You can get a sense of the change by going back to 1993, when President Bill Clinton came to Washington after 12 years of Republicans in the White House. Clinton won 32 states in the 1992 election and those states held a lot of partisan diversity in the Senate.

Just under half of the states he won, 15, were represented by entirely Democratic delegations. Three of the states he won were represented by entirely Republican delegations. And close to half, 14, were represented by split delegations: one Democrat and one Republican.

In those Republican and split states, that meant the senators from the opposing party were answering to voters who also had just elected a Democrat to the White House. There was some impetus to try and reach out to work together — or, at least, to feign working together.

In addition, there were three states with Democratic Senate delegations that did not vote for Clinton. The point is that the partisan line was blurrier back then, but it has become much clearer in the years since.

When Barack Obama won the White House in 2008, he carried 28 states and there was a noticeable increase in the partisanship of that coalition of states in the Senate.

Two-thirds of the states Obama won, 19 of them, were represented by two Democrats in the Senate. One state that voted for Obama, Maine, was represented by two Republicans. And eight of the states that voted for him were represented by split delegations.

In addition, there were four states with Democratic Senate delegations that did not vote for Obama. Those states — Arkansas, West Virginia, Montana and North Dakota — were on their way to taking on a more Republican cast. Six of those states’ eight senators are now Republican.

The net impact was that Obama had to lean more heavily on purely Democratic group of senators. He simply held less electoral sway over Republican and split delegations.

But those numbers still look relatively bipartisan compared to where we are in 2021. The 2020 presidential results line up almost perfectly with the partisanship of the current Senate delegations.

President Joe Biden won 25 states on his way to the White House and 22 of them hold Democratic Senate delegations. The other three come from states with split delegations. None come from states with Republican delegations.

That probably limits the power of Biden’s presidential bully pulpit to sway the other side in the Senate. It also suggests some of the reason about why we saw such loyalty to former President Donald Trump in last week’s impeachment trial. The overwhelmingly majority of Senate Republicans — all but three — come from states that voted for Trump.

One thing you’ll notice when you look at all the numbers here is that the Democratic wins in Republican states have shrunk considerably and consistently since Bill Clinton. Some of that has to do with shifts in the politics of those states. It seems remarkable, for instance, that Oregon had two Republican senators in 1993 (or that Alabama had two Democrats).

But the other sharp decline in these data comes in these presidents winning states with split delegations. And that has less to do with these presidents being able to appeal to “split states” than it does with the fact that there just aren’t many states with split delegations anymore. Split Senate delegations have become an endangered species in American politics.

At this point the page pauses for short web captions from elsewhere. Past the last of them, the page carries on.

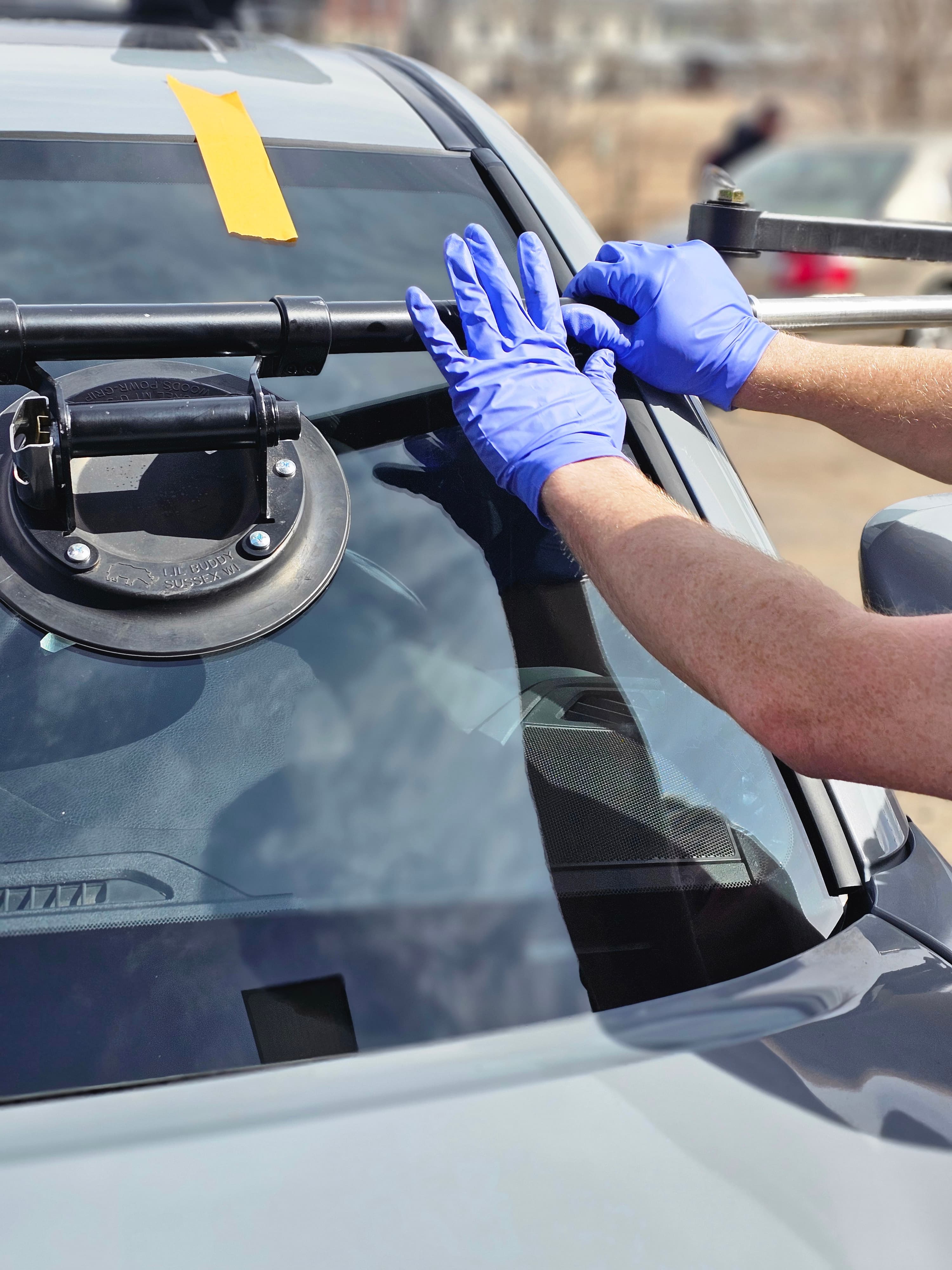 Polaris AutoGlass technician carefully placing windshield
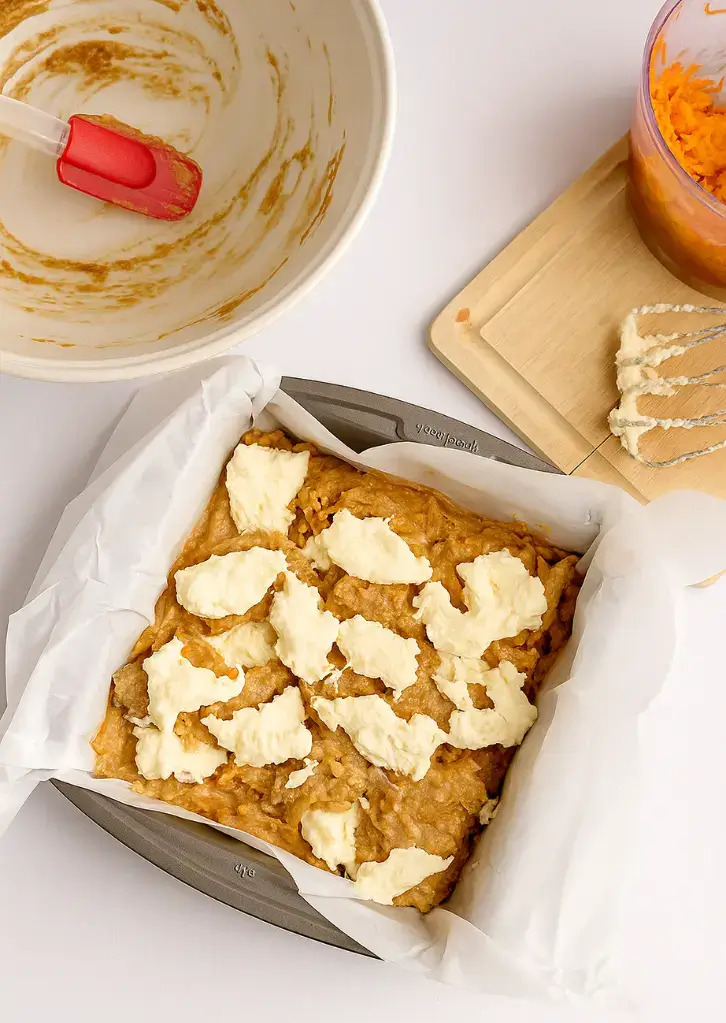 Cheesecake dollops over carrot batter in baking pan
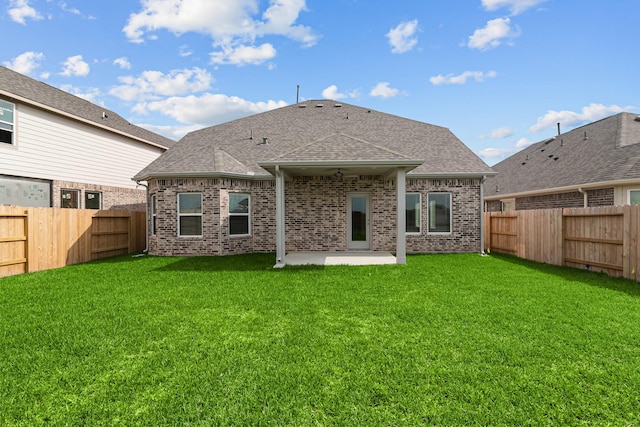 21710 Persian Lake Dr, Cypress, TX 77433 - back of house with a fenced backyard, a patio, a shingled roof, and brick siding
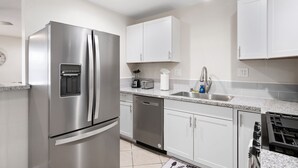 A modern kitchen with stainless steel appliances, white cabinets, and granite countertops. - 3B/2Bth Clean, Cozy, Convenient (Fresno)
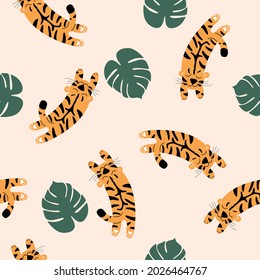 Vector seamless pattern with spotted chinese tigers.  Tigers on a beige background are jumping into palm leaves.  Wildlife and fauna, Vector flat illustration.  A family of felines or carnivores.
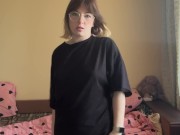 Beautiful brunette in a t-shirt shows off her panties 9/16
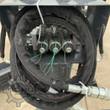 Three-spool electric solenoid valve bank and coiled hydraulic hoses with flat-face couplers on the grading blade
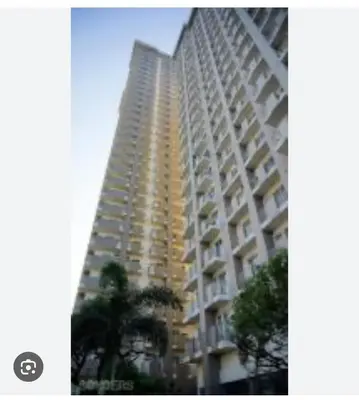 a tall apartment building with a yellow at 2301 Jazz View Condo in Manila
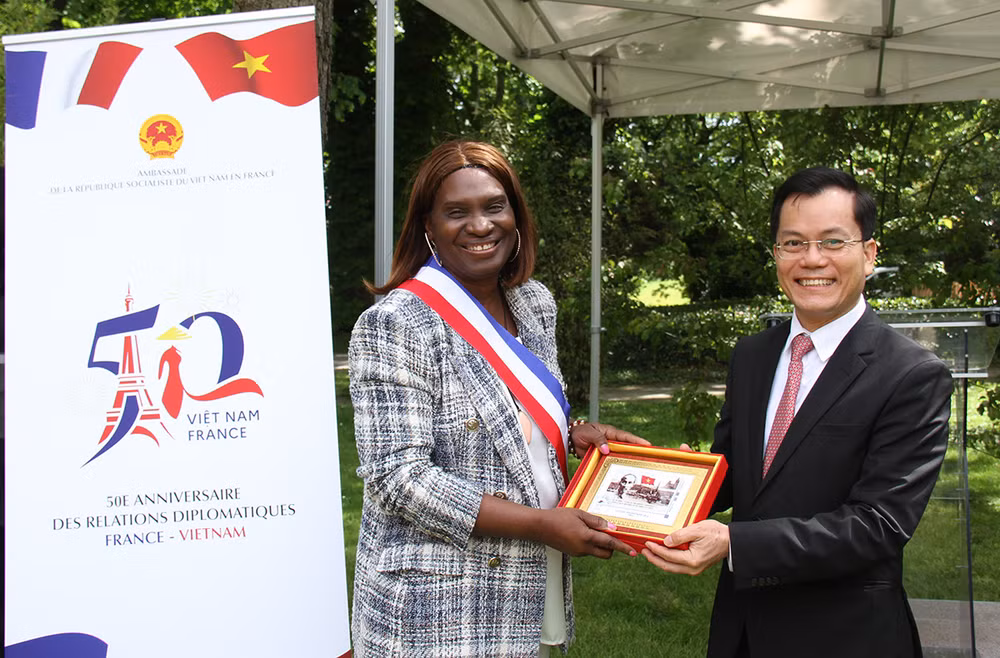 Thứ trưởng Ngoại giao Hà Kim Ngọc tặng tranh tem kỷ niệm 100 năm Bác Hồ đặt chân đến Pháp do Bưu điện Pháp phát hành cho Phó Thị trưởng Djénéba Keita. (ẢNH: KHẢI HOÀN)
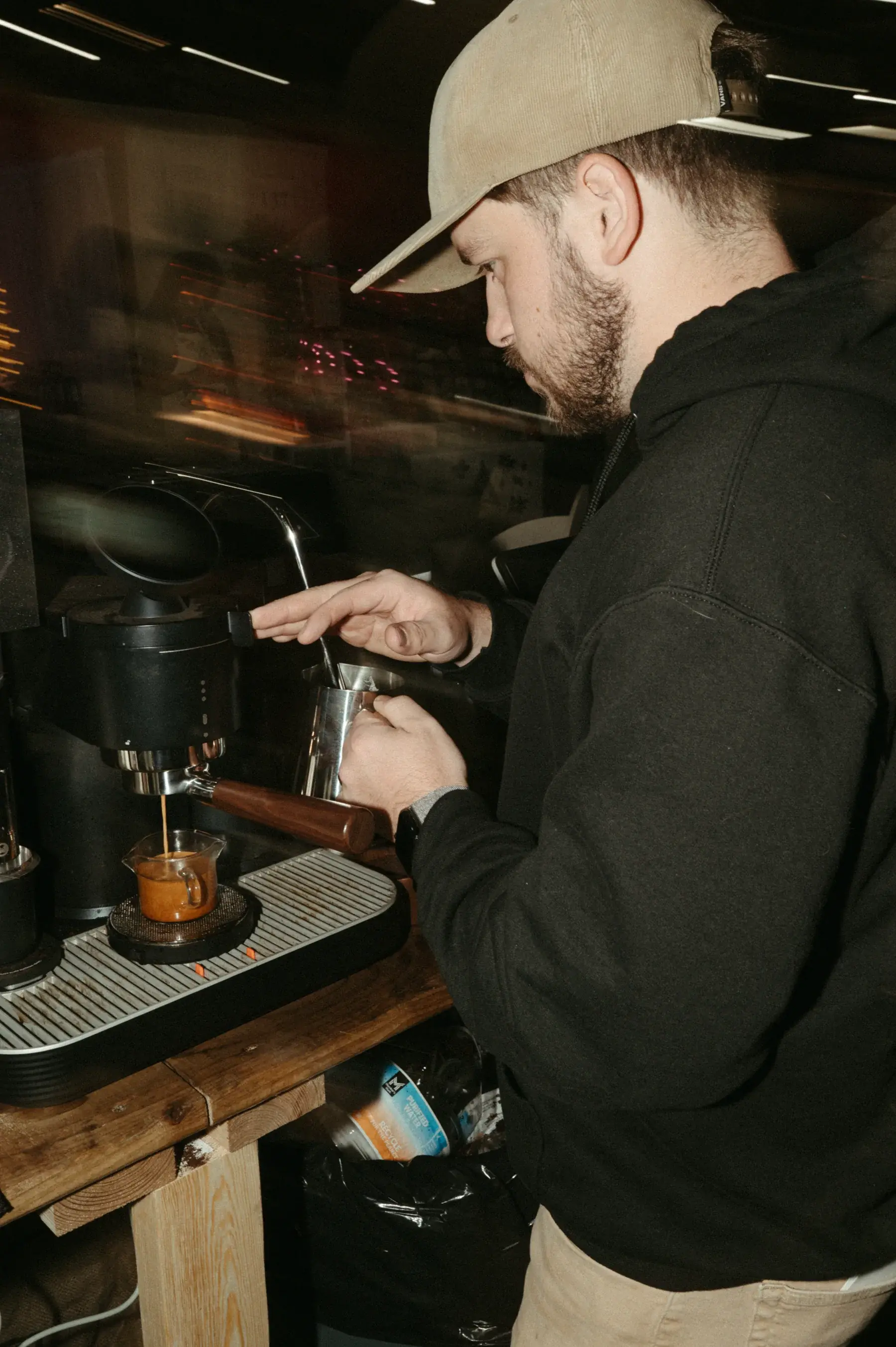 A Cuivre barista making espresso at Santa's Workshop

In 1993, Clinton’s first term in office, close to half the states in the country had split delegations. By George W. Bush’s first term, the number was 14. It was 13 states for Obama’s first term and 12 for Donald Trump’s term. Currently, there are only a half dozen states with split Senate delegations.

That means when a new president arrives in town and hopes to craft an agenda, he immediately is dealing with a Senate where the partisan divisions are stark and where there is most likely little motivation for compromise. It also means you are more likely to get the very partisan story we saw in the impeachment trial this past week.

To be clear, none of this means that the behavior that currently defines the Senate is “wise” or “good for politics,” but isn’t irrational either, considering the divides running through the country. Over the last 30 years the voters have spoken, and they have created a deeply partisan body on Capitol Hill.